While no decisions was made on healthcare and immigration, the Supreme Court ruled that the FCC's indecency policy is too vague. NBC's Pete Williams reports.

By Tom Curry, msnbc.com National Affairs Writer
The Supreme Court ruled Thursday that the Federal Communications Commission failed to give two television networks, FOX and ABC, fair notice prior to punishing them for broadcasts in which outbursts of expletives and brief nudity were aired.
“The Commission failed to give Fox or ABC fair notice prior to the broadcasts in question that fleeting expletives and momentary nudity could be found actionably indecent,” said Justice Anthony Kennedy, writing for the unanimous court.
The ruling does not affect the FCC’s policy banning indecency in TV broadcasting.

The court said that it did need not to address the First Amendment implications of the FCC’s indecency policy nor did it need to reconsider its prior indecency ruling in a 1978 decision regarding prolonged recitation of vulgar words.

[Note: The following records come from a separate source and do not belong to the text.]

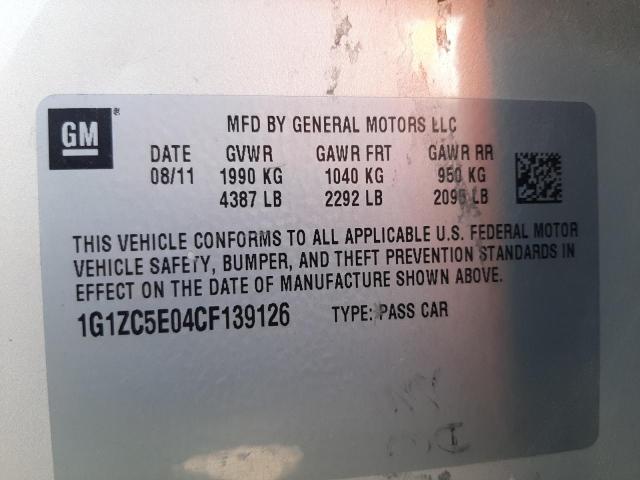 1G1ZC5E04CF139126 - 2012 CHEVROLET MALIBU 1LT ოქროსფერი ფოტო 10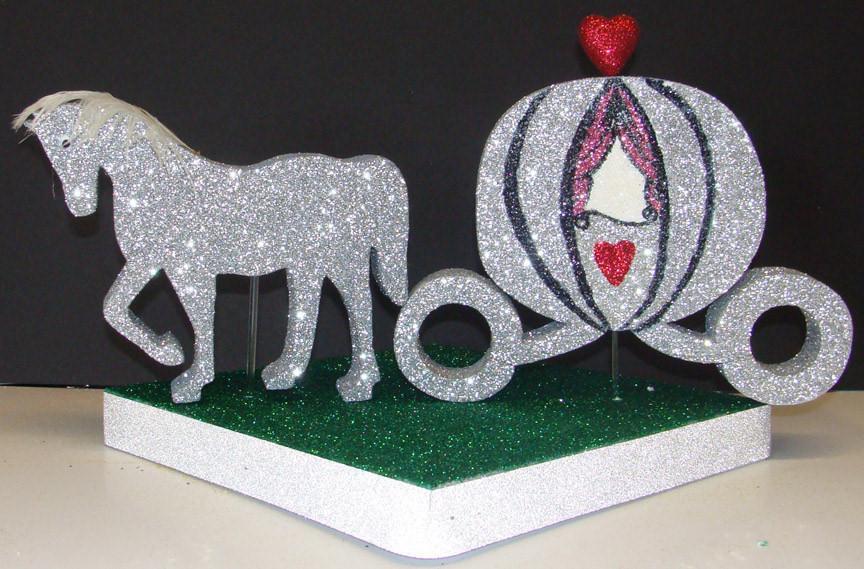 Glittered Foam Horse & Carriage for Princess Party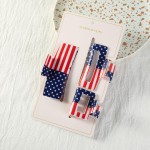 Wholesale set Three Americana Print Hair Clips L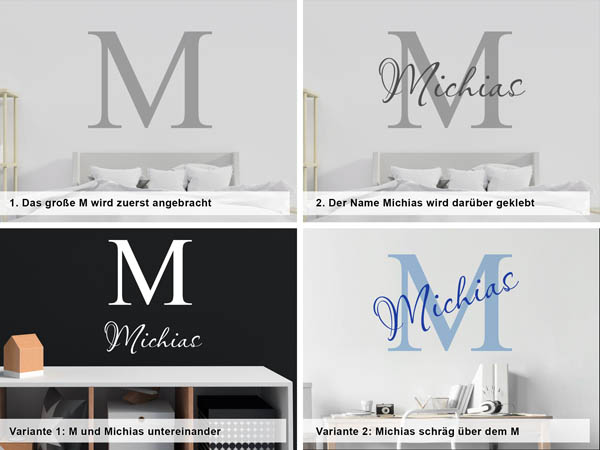 Verschiedene Anordnungen des Wandtattoos Michias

The case arose out of three broadcasts on Fox and ABC in 2002 and 2003.
Two of the broadcasts on Fox involved the use of expletives during prime-time TV airings of the Billboard Music Awards that in one of those Fox broadcasts, “a person named Nicole Richie” used two common vulgar words while presenting an award: “Have you ever tried to get cow [expletive] out of a Prada purse? It’s not so [expletive] simple.”

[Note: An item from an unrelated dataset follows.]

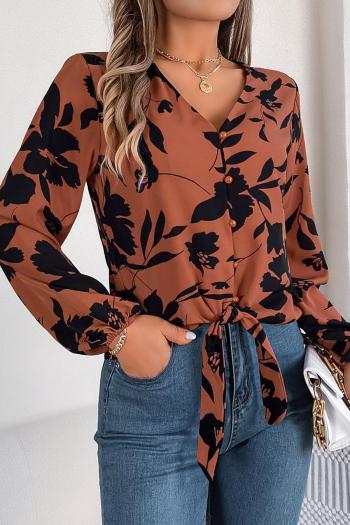 casual non-stretch 3 colors flower batch printing v-neck blouses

The other broadcast, a prime-time airing on ABC of the program "NYPD Blue" involved what the FCC called “pandering, titillating and shocking” scenes of a woman’s naked buttocks being viewed by a child, which the FCC said put TV viewers, including children, in a “voyeuristic position.”
At issue was whether the FCC rules violated the First Amendment right to broadcasting freedom and whether the rules were too vague for the broadcasters to know what was prohibited and what wasn’t.
The court said Thursday that the FCC was “free to modify its current indecency policy in light of its determination of the public interest and applicable legal requirements” -- which means that further litigation in such cases is almost certain.